Ben sanırım bu dünyada hiçbir şeye yaramıyordum. Doğduğumdan beri bir işe yaramamıştım. Ev işlerini yapmak bir şey değildi. Eli ayağı olan herkes bunu yapardı. Birini sevmek de bir şey değildi. Kalbi olan herkes sevebilirdi. Sahi ben neydim? Ne işe yarıyordum? Kendi başımın çaresine bile bakamazdım ki ben. Ne için yaşıyordum?
Korkut'a sırtımı dönmüş bir şekilde uzanırken düşündüğüm şeyler nefesimi kesmeye başladı.
Ben hiçbir şeydim.
Anne olacaktım. Bu önemli miydi? Neredeyse her kadın zaten anne oluyordu.
Belkıs kimdi? Neden doğmuş, neden yaşıyordu?
Kafamın içindeki sesler artmaya devam ederken nefesim ciddi manada kesilmeye başlamıştı bile. Ellerim titrerken ellerimi kalbim ve karnımın üzerine koydum. Kalbim çok hızlı atıyordu? Ne oluyordu bana?
Hiçbir işe yaramadığımı fark etmek mi kalbimi böyle hızlandırmıştı? Oysaki benim kalbim yalnızca arkamdaki adam yüzünden hızlanırdı.
"Belkıs!"
Sonunda sesini duydum. Ama bir sorun vardı. Sesi oldukça yüksek çıkmıştı. Bağırıyordu. İsmimi bağırma sebebi neydi?
Kalbim gittikçe daha da hızlanıyordu. Ve en kötüsü nefes alamıyor ya da veremiyordum.
Nefes almayı bile beceremiyordum.
"Belkıs! Yüzüme bak! Nefes al Belkıs, yanındayım!" Yüksek sesiyle bana bağırmaya devam ediyordu. Bu sesi derinden duyuyordum. Duymam bir işe yaramıyordu ki. Korkut'u göremiyordum. Sadece sesini duyuyordum. Bana nefes almamı söylüyordu. Nasıl alacağımı bilsem ben zaten nefes alırdım.
Yanaklarımı tutan elleri hissettim. Gözlerim görmese de onun Korkut olduğunu biliyordum. "Belkıs beni dinle. Nefes almanı istiyorum. Aç dudaklarını, içine kocaman bir soluk çek." Denedim. Dudaklarımı kıpırdatıp içime nefes çekmeye çalıştım.
Kalbimin hızında hiçbir azalma olmazken telaşlanıyordum. Ne yaşadığımı algılayamıyordum.
"Gözünü seveyim dediğimi yap Belkıs, korkutma beni." Korkut'un sesi titremişti. Onun sesini ilk kez böyle duymak beni öyle şaşırtmıştı ki o şaşkınlıkla dudaklarımdan içeri nefes girdiğini, ciğerlerimin şiştiğini hissettim.

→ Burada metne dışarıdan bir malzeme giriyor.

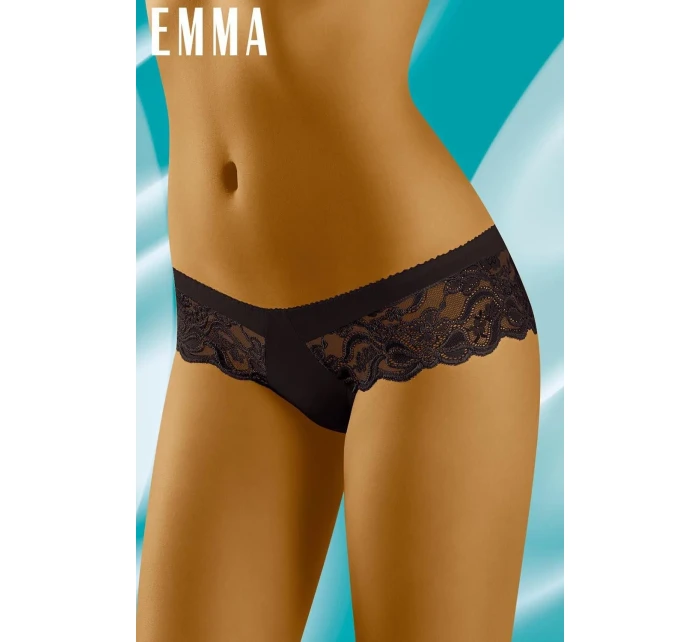 Dámske nohavičky Emma black - WOLBAR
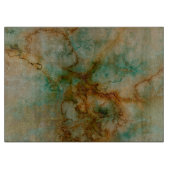 Planche À Découper Vert et marbre d'or (Devant)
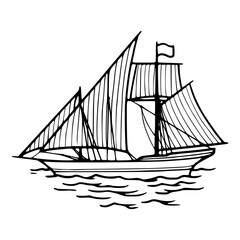 antique maritime vessel artwork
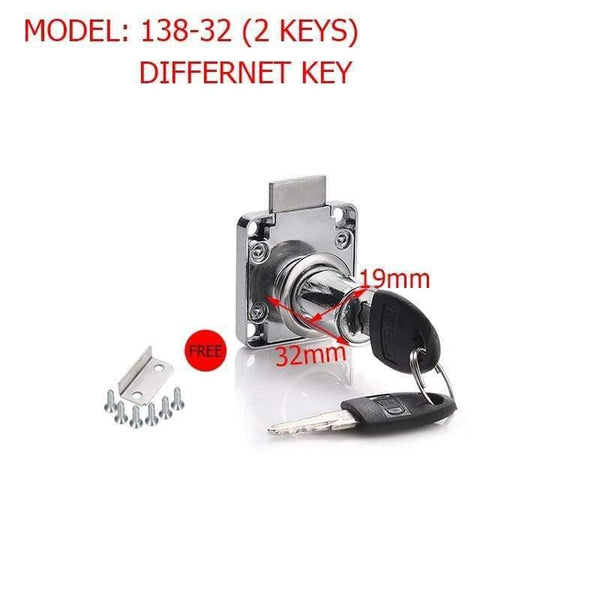 Planet Gates 3010 Zinc 138-32 High-grade Desk Drawer Lock Wardrobe Locks Cabinet Locks Furniture Cam Locks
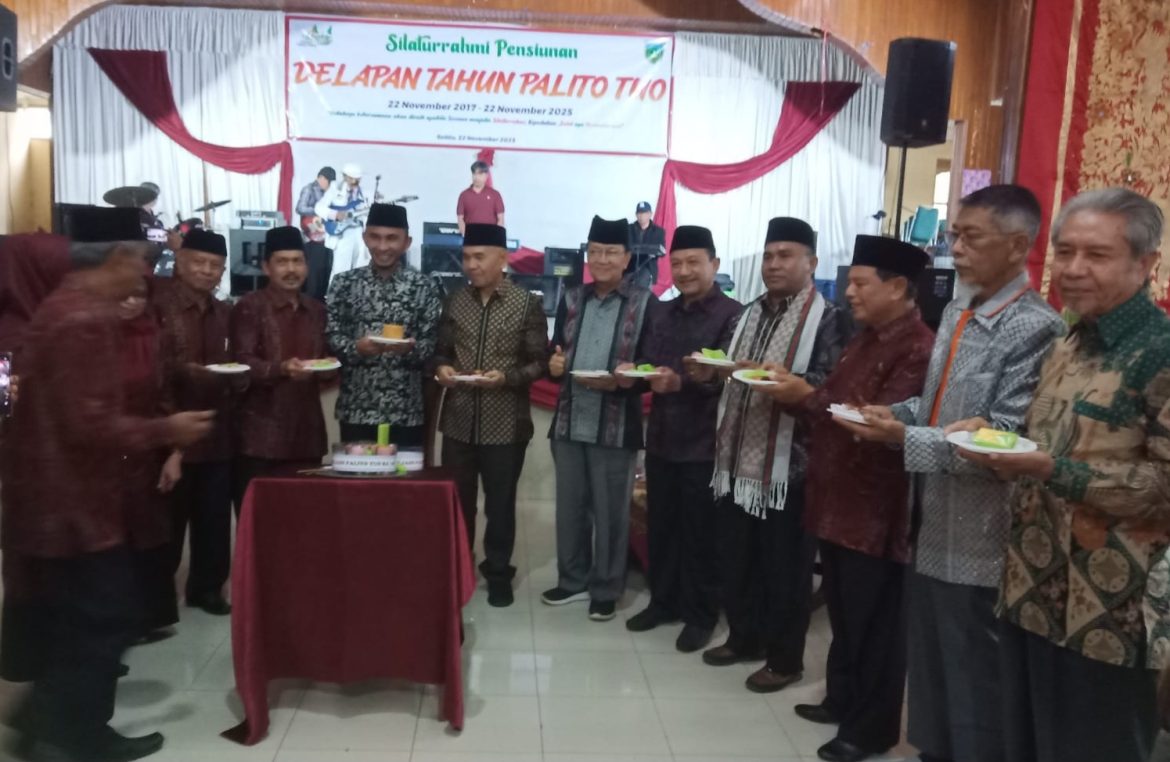 “Palito Tuo Padang Panjang Rayakan 8 Tahun, Pensiunan Bersatu dan Berkiprah di Masyarakat”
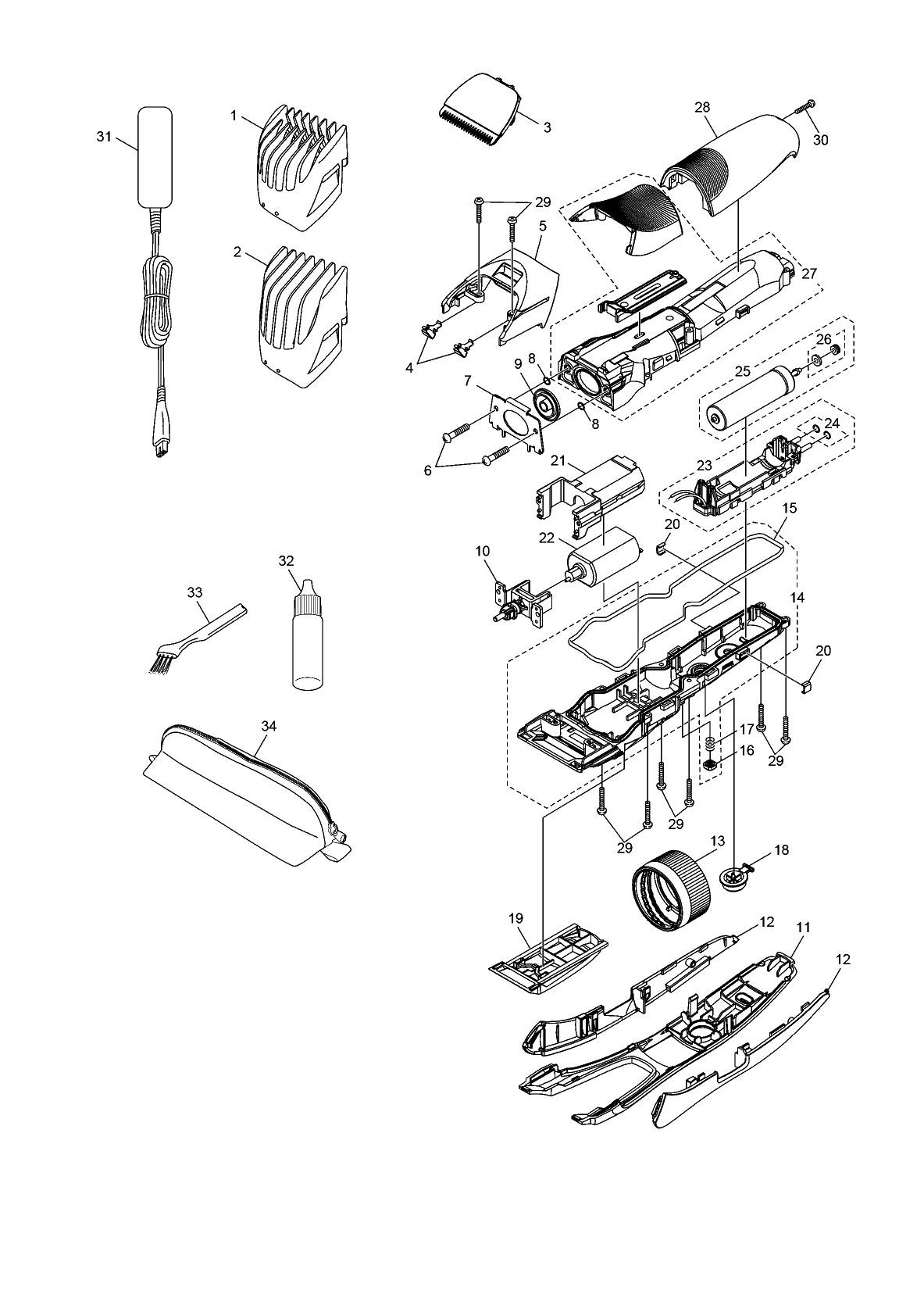 ER-GB60: Exploded View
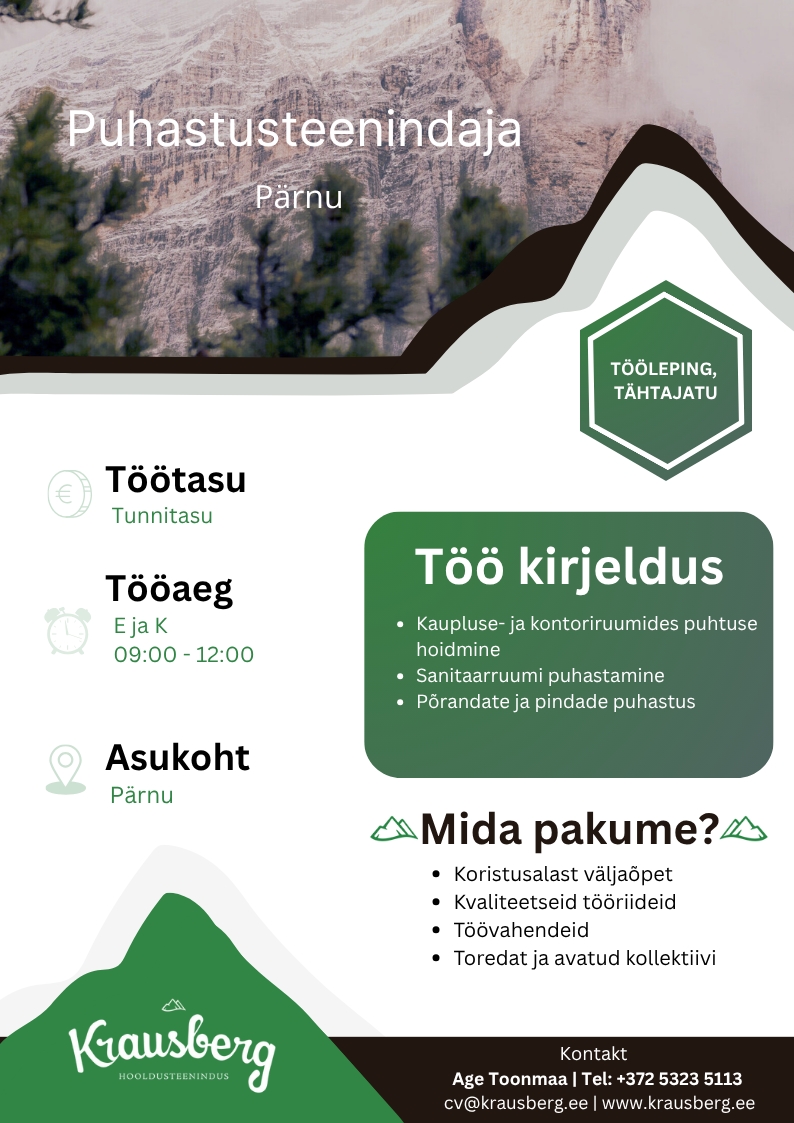 Krausberg Eesti OÜ Puhastusteenindaja, Pärnu (kauplus)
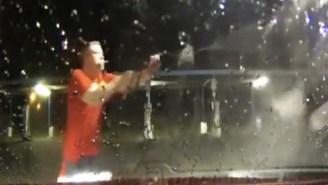 Watch Carjackers Try To Jump A Guy At A Car Wash And Get A Hose To The Face For Their Troubles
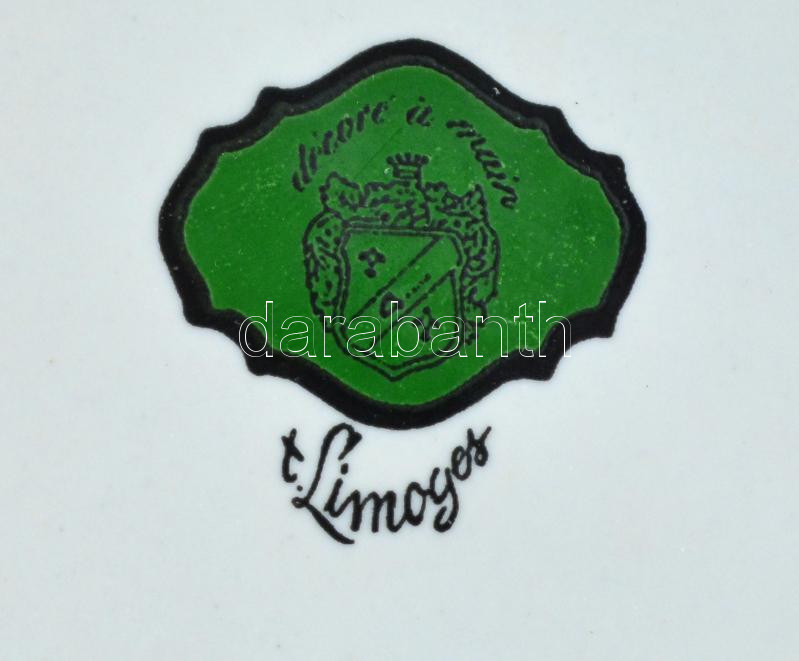 Limoges porcleán mokkás csésze és alj, 6 db.+ cukordoboz. Levonóképes, aranyozott. Minimális karcokkal - Image 4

"Evet, böyle. Şimdi de o nefesi geri ver." Dediğini yaptım. Bu anı bekleyen ciğerlerim hızlı hızlı nefes alıp onu içimde kirletip dışarı bırakmaya başladı. Gözlerimin önü yavaş yavaş aydınlanmaya başladı. Net göremesem de dibimdeki Korkut'u görüyordum.
"Duyuyorsun beni değil mi?" Ona cevap verebileceğimi zannetmiyordum. Bana ne olduğunu bilmiyordum ama oldukça kötü hissediyordum.
"Nefes almaya devam et. Bir şey söylemene gerek yok, nefes al yeter." Korkut'un sesi hâlâ titriyordu. O hiç böyle konuşmazdı. Korkmuş muydu gerçekten?
Hiçbir şeye yaramayan benim için mi korkmuştu? Korumadığı, savunmadığı ben için mi titretiyordu sesini? Gerek var mıydı buna? Ben buna değer miydim?
Gözlerim netliğini biraz daha kaybederken kulaklarımın uğuldadığını hissettim. Sonra ise görüntü tamamen kayboldu. Karanlığın içine hapsolmuştum.
*
Gözlerimi açarken hissettiğim mide bulantısı ile hızla yerimden doğruldum. Doğruldum doğrulmasına ama olduğum yerin farklılığı yüzünden nereye gideceğimi bilemedim.
Şaşkınca etrafıma bakınmamla Korkut'u görmem bir oldu. Hızlı adımlarla yanıma gelip omuzlarımı tutmuştu. "Ne oldu miden mi bulandı yine?" Midemin bulantısı bir anda kaybolmuştu. Şaşkınlığımdan kaynaklı olmalıydı.
"Neredeyiz Korkut? Hastanede miyiz? Niye buraya geldik? Bebeğime bir şey mi oldu?" Son sözümü söylerken sesim titremiş, gözlerim dolmuştu. Farkında olmadan eli elimi de karnıma sarmıştım.
Korkut elimin üstüne elini koyup bana doğru eğilerek başımı öptü. "Korkma, bebeğimiz iyi." diyerek beni rahatlatmaya çalıştı. "Nefes alamadın, sonra da bayıldın. Ben de seni hastaneye getirdim."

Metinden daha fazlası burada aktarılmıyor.